We know that those who make and use a pine cutting board may limit its use to dry food, cutting only bread, for instance. Breadboards are also common in home kitchens. For food prep, like cutting meats, though, or for heavy chopping, they will choose another type of wood like bamboo, walnut, or maple, harder woods.
However, with a well-chosen finish, even an end-grain pine cutting board can be used for uses other than with dry foods. Among the better finishes for cutting boards are:
- Butcherblock Wood Oil
- Food-Grade Mineral oil
- Pure Tung Oil
These oils penetrate deeply into the wood and offer excellent protection against liquids. Pure tung oil, for instance, will penetrate deeply and bond with the wood fiber as it hardens, and unlike oils that do not dry, it does not need to be frequently re-applied.

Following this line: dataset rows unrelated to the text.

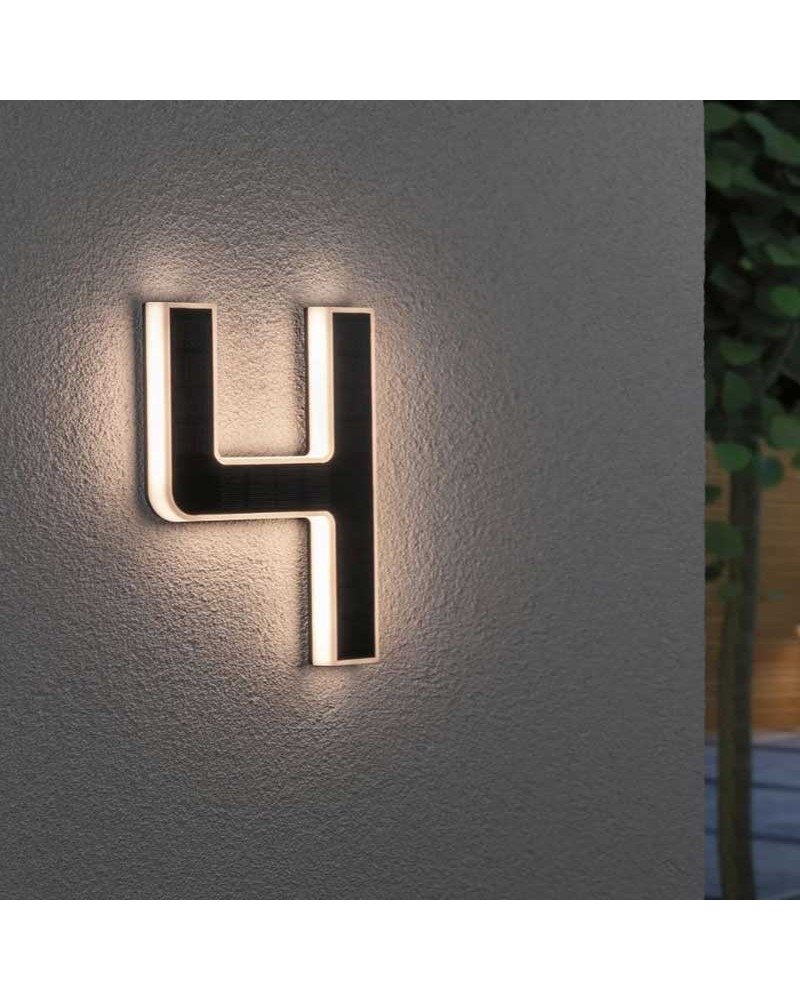 Number 4 for house facade solar LED 3000K 6Lm IP44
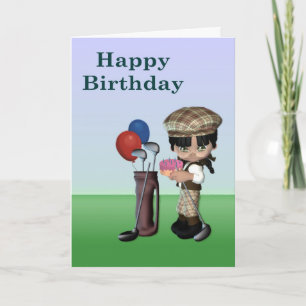 肌の黒いゴルファーカード カード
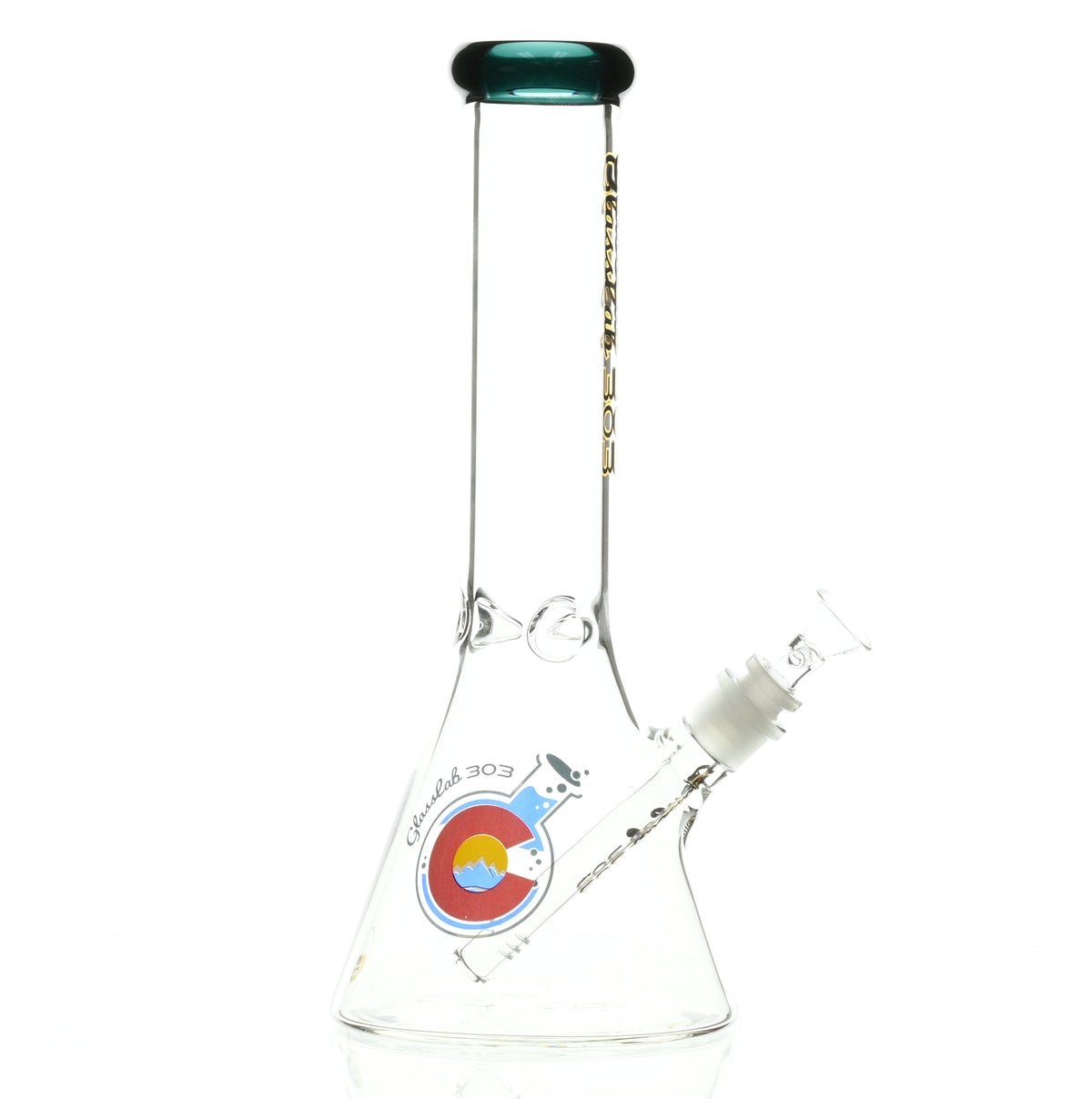 GLASSLAB 303 BEAKER TEAL GREEN ACCENT - Smoke Spot Smoke Shop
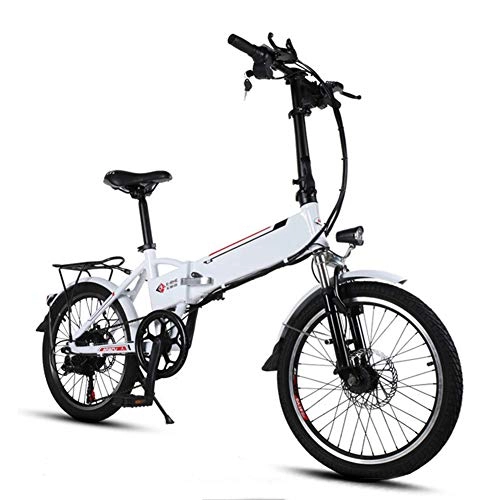 Elektrofahrräder : 250W elektrisches Fahrrad Folding Mountain Bike Fat Tire Ebike 48V 10AH Lithium-Ionen-Akku 6-Gang Verstellbarer Doppelscheibenbremsen Elektro-Fahrrad, Weiß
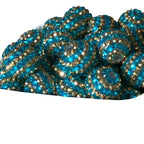 Plated Bubblegum Beads 16-22mm Blue Gold Striped Rhinestone 5pcs 2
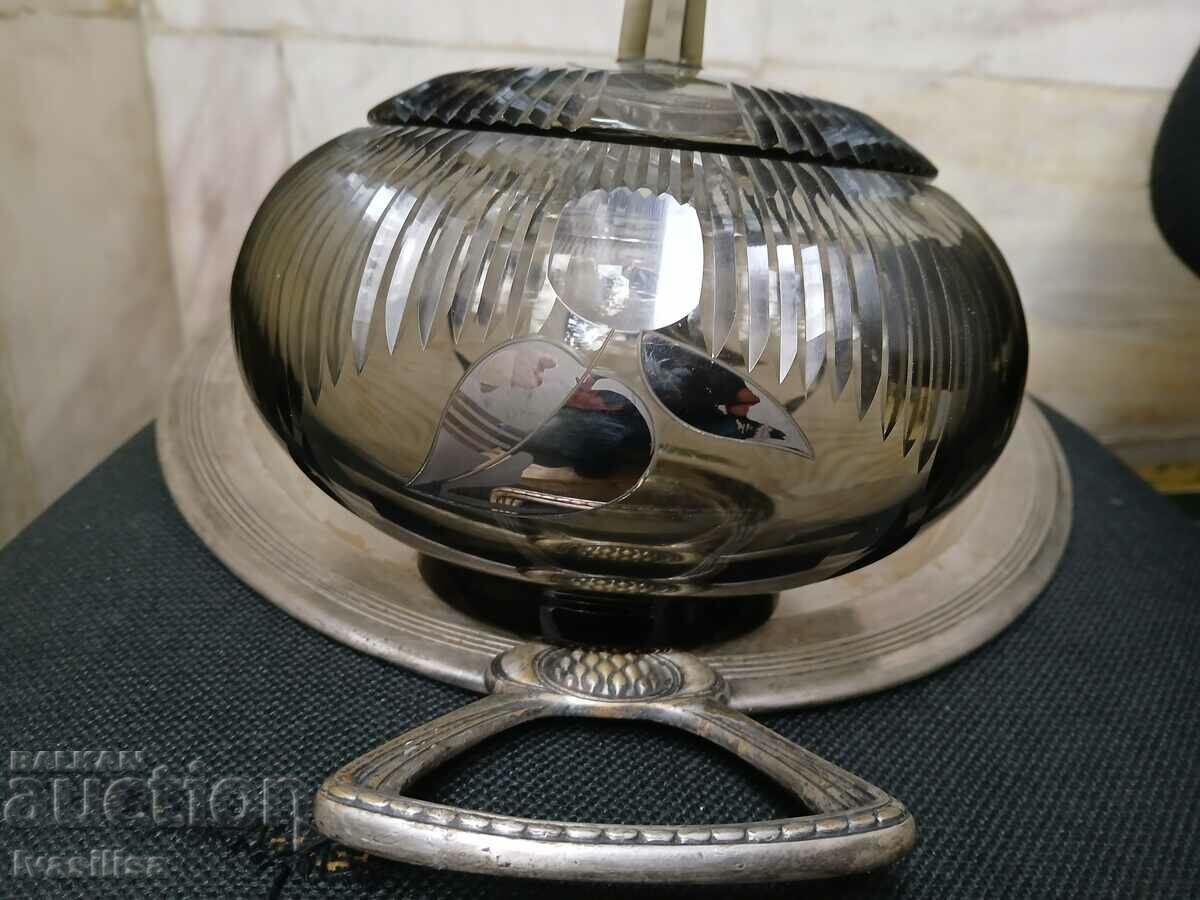 Antique luxury glass bonbonniere with metal inlays Antique luxury glass bonbonniere with metal inlays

Video Proof of Beautiful End-Grain Cutting Boards
Scraps of wood, cut to size, glued together, cut further for all end-grain pieces, assembled, and glued again, and you have a beautiful cutting board. While in this video is a variety of types of wood, the principle is still the same – an end-grain cutting board. Substitute all pine from scaps of 2 x 4, and the result will be the same.
And while we’re talking about cutting boards, here’s a video I came upon last week, and the wood is both creative and stunning. If neither of these videos inspires you to attack a cutting board project, nothing will.
Inexpensive, eco-friendly, easy to work with, and beautiful to look at when finished properly – pine can be an attractive choice for your next wooden cutting board project.
You can produce a quality cutting board with it, a beautiful piece to become the next star in your kitchen. It’s not the ideal material, but it can still be an excellent choice.